We can't help how we feel and deep down you (quite rightly, but not without guilt), feel like you are one who has made all the 'sacrifices'. Moving to a new town, living and meeting completely new people, some of whom, will naturally be thinking and judging you as the new man in her life. No one can be perfect all of the time. It's completely normal to be asking can I give her what she needs? Can we put up with each others' quirks? Dyspraxia and/or less life experience of living with a partner is going to make processing these life changes challenging.

Anyone, irrespective of dyspraxia, could struggle with changes of moving to a new town and living under a roof with different people and as you rightly say you cannot try to change her any more than she can expect you to change for her. It's natural for you to want to feel like you're contributing, societal values and societal expectations of traditional gender roles and all that. I reckon if I ever met anyone I'd be feeling much the same.Look for ways you can complement each other but remember you need to give each other some outlet for interrupted 'me' time sometimes.

Hope that helps.
Tom
Moderator/Administrator

With a foot full of bullets I tried to run faster but I just hobbled on to the next disaster.
(from Peter and the Test Tube Babies, Foot Full of Bullets)
EnigmaticLila
Getting settled in
Posts: 13
Joined: Thu Jan 24, 2019 7:46 am

Re: Moved in with partner

Post by EnigmaticLila »

From her passionate rantings and irritability and sensitivity it sounds like she may be on the autism spectrum - even if it is mild. I only say this because she has a son with aspergers and it is known to be hereditary. Try not taking her outbursts personally and read the book for partners from Rudy Simone.

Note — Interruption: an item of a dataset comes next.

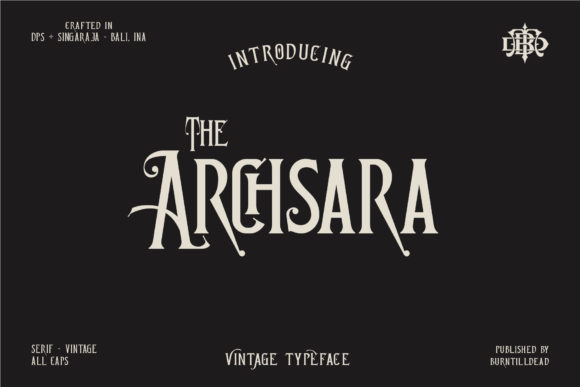 Achsara Font - Featured Image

Moving is so tough with dyspraxia and not having your own income feels like another blow because its hard enough needing help (not so much needing it but being clumsy and inefficient means other people will take things on for you) with daily living activities without feeling guilty. Hang in there, find ways to contribute at home or do little things that make you feel settled in like having your own decorations out, using your mugs or just having familiar things around you.

If you can, I highly recommend going to CBT talk therapy for relationship skills (being dyspraxic means missing cues, not being able to use correct tone/volume or muddling things up when talking). I personally have found occupational therapy to be an amazing help as its made me feel like I actually have energy levels and my handwriting has improved so if you can find an occupational therapist, I would definitely say you should go.

Living with others can be hard and the emotions even more difficult to deal with. Try telling your partner how you feel by just explaining that you need time to familiarize yourself with the new layout and that you still haven't processed the move. Let her know that you support her and that you can understand how much harder it is for her with her family and that you will manage with getting your bearings on your own but she needs to keep in mind that you are finding it difficult too right now. You need to work together to find solutions and take care of the emotional difficulties through understanding and awareness rather than expectation.

If having uninterrupted TV time is important to you, let her know gently by asking for a certain amount of quiet time. If she talks or something during that time, don't snap but remind her that your brain is overwhelmed and you can only deal with one sound at a time - her or the tv - and ask her which she would like to engage with. It's very very hard not to get snappy and grouchy. I don't get it right all the time but at least your partner will come to learn about sounds and sensory overload.

The thing to learn is not about avoiding bickering over things but rather that after a snap or two, you come from a loving position and let them know you love and care for them no matter what.